I am sorry to ask so many of these questions in such as short time span.
But how would I prove this following trigonometric identity. $$ \frac{1+\cos(2A)}{\sin(2A)}=\cot A $$ My work thus far is $$ \frac{1+\cos^2A-\sin^2A}{2\sin A\cos A} $$ I know $1-\sin^2A=\cos^2A$
So I do $$ \frac{\cos^2A+\cos^2A}{2\sin A\cos A} $$ I know not what I do next.

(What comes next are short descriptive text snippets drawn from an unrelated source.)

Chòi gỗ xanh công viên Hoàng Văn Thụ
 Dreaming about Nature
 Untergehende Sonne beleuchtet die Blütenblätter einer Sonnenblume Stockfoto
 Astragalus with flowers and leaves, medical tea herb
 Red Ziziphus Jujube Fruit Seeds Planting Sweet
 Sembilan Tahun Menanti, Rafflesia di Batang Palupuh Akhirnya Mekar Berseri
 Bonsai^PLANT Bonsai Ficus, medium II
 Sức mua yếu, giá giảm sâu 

$$ \begin{align} \frac{1+\cos(2A)}{\sin(2A)} &=\frac{1+\cos^2(A)-\sin^2(A)}{2\sin(A)\cos(A)}\tag{1}\\ &=\frac{\csc^2(A)+\cot^2(A)-1}{2\,\cot(A)}\tag{2}\\ &=\frac{2\,\cot^2(A)}{2\,\cot(A)}\tag{3}\\[4pt] &=\cot(A)\tag{4} \end{align} $$
double angle formulas
multiply numerator and denominator by $\csc^2(A)$
$\cot^2(A)+1=\csc^2(A)$
cancel $2\cot(A)$ in numerator and denominator
$$\frac{1+\cos(2A)}{\sin(2A)} = \frac{2\cos^2 A}{2\sin A \cdot \cos A} = \frac{\cos A}{\sin A} = \cot A$$
Just write $\cos^2 A+\cos^2 A=2\cos^2 A$ (a quantity added to itself is twice the quantity). Then write $2\cos^2 A=2\cos A\cdot\cos A$ and cancel a $2\cos A$ term in the numerator with the $2\cos A$ term in the denominator.